§ **YOUR INSTRUCTIONS**:
Print all the data that follows exactly, images excluded.

§ **DATASET SECTION**:
┌────────

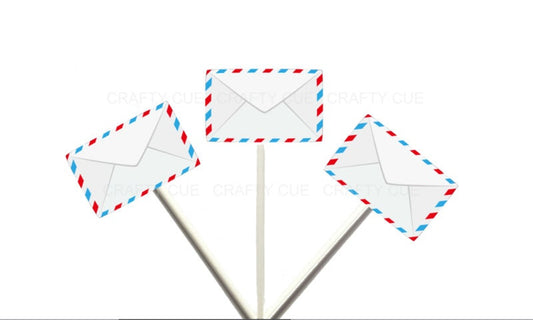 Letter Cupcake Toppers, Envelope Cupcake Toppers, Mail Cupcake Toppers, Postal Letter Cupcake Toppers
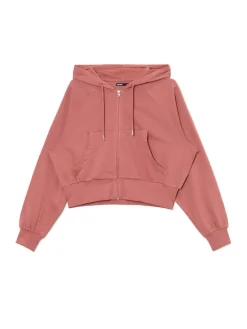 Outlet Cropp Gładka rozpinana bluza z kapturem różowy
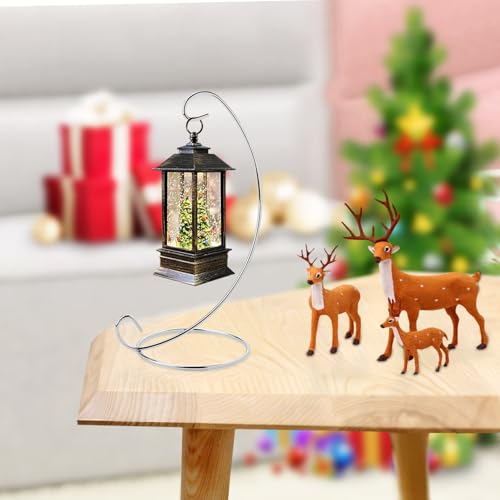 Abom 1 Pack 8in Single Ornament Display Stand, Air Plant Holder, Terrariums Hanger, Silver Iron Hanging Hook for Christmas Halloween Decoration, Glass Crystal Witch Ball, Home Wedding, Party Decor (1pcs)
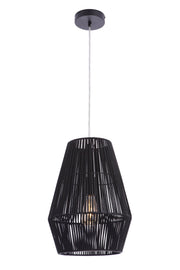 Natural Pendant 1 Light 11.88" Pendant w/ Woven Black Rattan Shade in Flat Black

└────────

§ **COMPLETED TASK**:
 Letter Cupcake Toppers, Envelope Cupcake Toppers, Mail Cupcake Toppers, Postal Letter Cupcake Toppers
 Outlet Cropp Gładka rozpinana bluza z kapturem różowy
 Abom 1 Pack 8in Single Ornament Display Stand, Air Plant Holder, Terrariums Hanger, Silver Iron Hanging Hook for Christmas Halloween Decoration, Glass Crystal Witch Ball, Home Wedding, Party Decor (1pcs)
 Natural Pendant 1 Light 11.88" Pendant w/ Woven Black Rattan Shade in Flat Black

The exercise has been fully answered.